27 1997年11月号
府幹部職員研修会の知事発言

就任初、職員に檄を飛ばす!
役人につけるクスリ効いた 「憲法違反でもやれ」は失言

 10月16日の府議会商工農林委員会での横山ノック知事との質疑。
泉佐野コスモポリスや津田サイエンスヒルズの開発事業についての私の質問に、知事が役人の書いた
同じ答弁を何度も繰り返すので、「知事自らの声で答弁すべきでないか。庁内の会議でも知事の意見は
お役人に跳ね返されて通らないのではないか」と質問。
知事は「職員ともいろんな議論をしているが、従来からの慣例、慣行の大きな壁があることも事実です。
根気よく剥がしながら山を越えて行きたい」と自分の意見が通らないことを認められています。

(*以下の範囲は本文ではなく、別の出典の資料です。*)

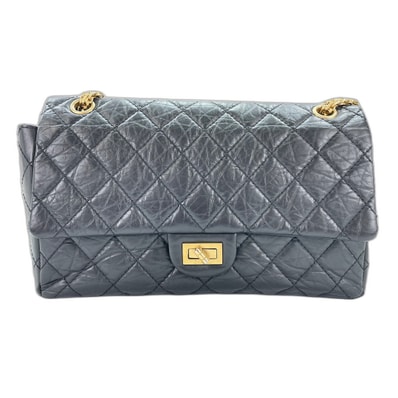 シャネル CHANEL マトラッセ ショルダーバッグ【中古】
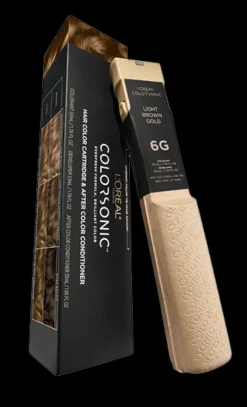 Permanent Hair Color Cartridge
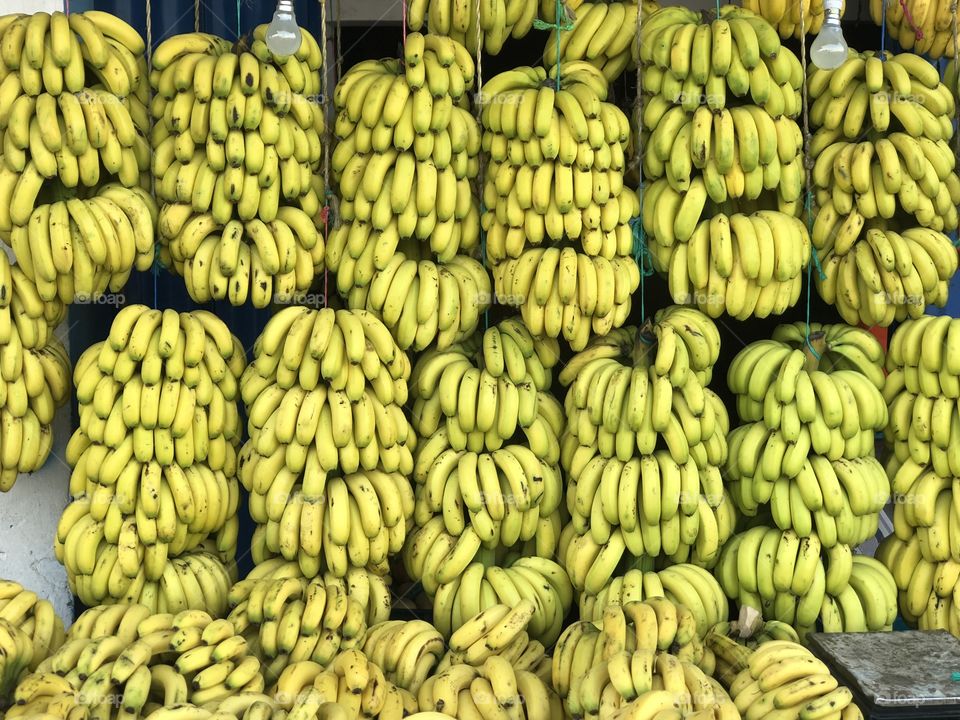 Bananas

お役人の意見が決して悪いと言いませんが、府が法人二税等の大幅な落ち込みで、来年度も約600億円の
財源不足のなか企業でいえば倒産寸前の状態で、お役人の言いなりにならず、知事自らの声で府政を運営
すべきであり、もっとリーダーシップを発揮しなければ府政再建はできるものではありません。
できなければ知事の素質が問われます。
言いなりで任期まで勤められたのでは、府民はたまったものではありません。
 そんな知事にぜひ読ませたい本があります。
前号(飛耳長目44参照)で紹介した「役人につけるクスリ」(住田正二JR東日本最高顧問著・
朝日新聞社刊)です。
質疑の最後で知事に手渡したとき、比喩したタイトルの面白さか、 ジョークに思えたのか。
議員もお役人も大爆笑でした。
 それから19日後の11月4日、相次ぐ不祥事にたまりかねた府が吉永祐介元検事総長を招き、
課長級以上の管理職約800人を集め、臨時幹部職員研修を開催。
冒頭の知事挨拶が異例なので、少々、紹介します。
「私が新しい施策を提案しても、職員は『まずだめです』と言う。 『地公法に触れます』『自治法に
触れます』ばかり。触れてもいいではないか。成功したら驚くことはない。憲法違反性が問われようと
やるときはやる。政治生命を賭けてやる。自分の担当のときは何も起こらなければいいという思考は
許さない。相次ぐ不祥事の根底は事なかれ主義だ。こういう考えをもっている人は、どしどし辞めて
いただきたい。あなた方が私のことをカゲで悪く言っているのを知っている。何を考えているのかも私には
よく分かる。40数年間、舞台から一人一人の観客の顔を見て商売してきたので、誰がよう働いてんのかが
分かる。二階級特進だってあり得ます。二階級特進は知事の裁量の範囲にある。働かない者は辞めて
いただきたい」。
途中から用意された原稿でなく、自らの声で檄を飛ばしました。知事就任以来初めての”快挙”!?で職員も
びっくり。
「法律違反してもやれ」とは、法律を遵守する立場の行政の最高責任者の言葉としては、粗末ですが、
何となく意気込みが感じられます。
これほどに知事が豹変した原因は、私が差しあげた「役人につけるクスリ」が、効いたのでしょうか?。
そうであれば、JR東日本の住田さんにお礼を言わなければなりません。